When I visit places like NYC, I try to figure out what exactly makes the city such an interesting and desirable place, both to live in and to visit. Parts of the answer may be obvious (such as Central Park), but some aspects of the city seem like true turn-offs. The streets are filled with speeding, stinky cars. The subway stations are old, dirty and hot. The traffic is terrible, and it is almost impossible to find one peaceful, quiet spot in the entire city.
So why go?
For people who live there, the simple answer might be employment. But in my opinion, time is the thing that truly makes this place fascinating.

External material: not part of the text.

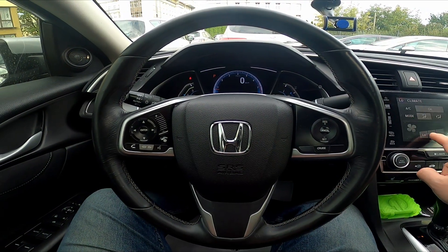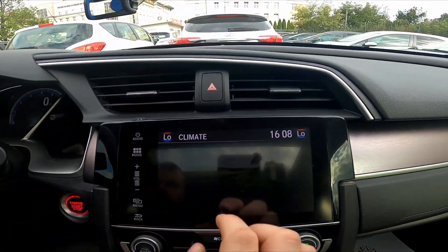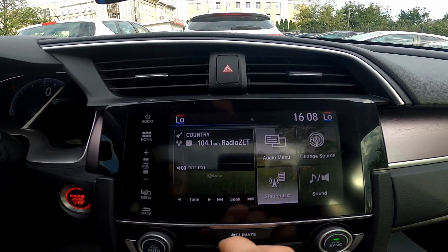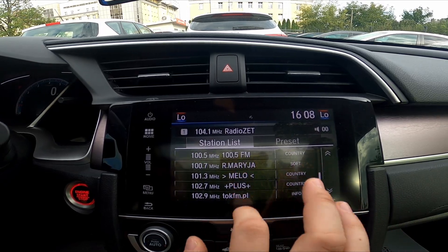In the beginning take a look at the screen display. And now go to audio. Go to station list. And here is the full list of all radio stations.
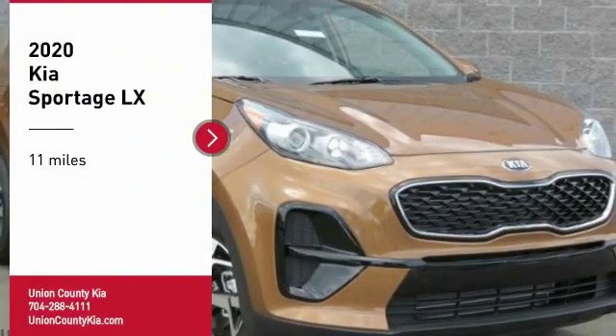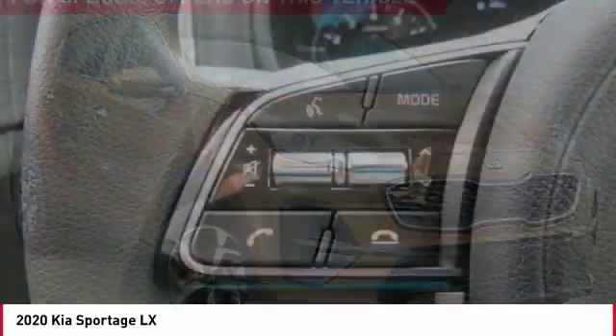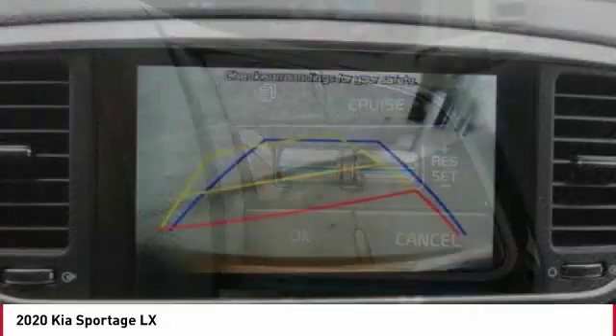Stop by and take a look at the 2020 Sportage. With its sleek and stylish exterior and its roomy feature-laden interior, the Sportage both looks good and performs well on the road.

Since people have been living on this little island for such a long time, layers and layers of culture, history and urbanism have been created over time. One could walk for 3 blocks and hear 20 different languages, We were sung to by an African-American trio on the subway (they were pretty talented). There were 4 different bands playing at one single relatively small park we visited (Washington Square Park).
This kind of culture can not be created overnight.
The people who argue about the urban/surburban divide never touch on the issue of time. Cities are usually more interesting places than suburbs simply because the cities have existed for a longer amount of time.
Mix of use is also incredibly crucial. When buildings have a mix of uses (basically residential + anything else) they allow people more options about where they live and work. This allows for a variety of transportation options: walking, biking, roller-blading, skateboarding, bus riding, train riding or even automobile driving. People are always clamoring for more options in life; auto dependent development does NOT provide many options.
Overall, time has led to the creation of city filled with layers. It has layers of culture and layers of infrastructure. It is an organically growing place with constant movement and evolution. Some call it the City that Never Sleeps. What allows the city to stay awake all night?
One important aspect of that is the 24/7 subway network. When you have a transportation network running all day and all night, people will use it all day and all night. This is especially true in a city such as NYC, which has high density and a robust diverse economy.
How can we create incredible places such as NYC? Time is one very important ingredient.
A great public transportation network also helps.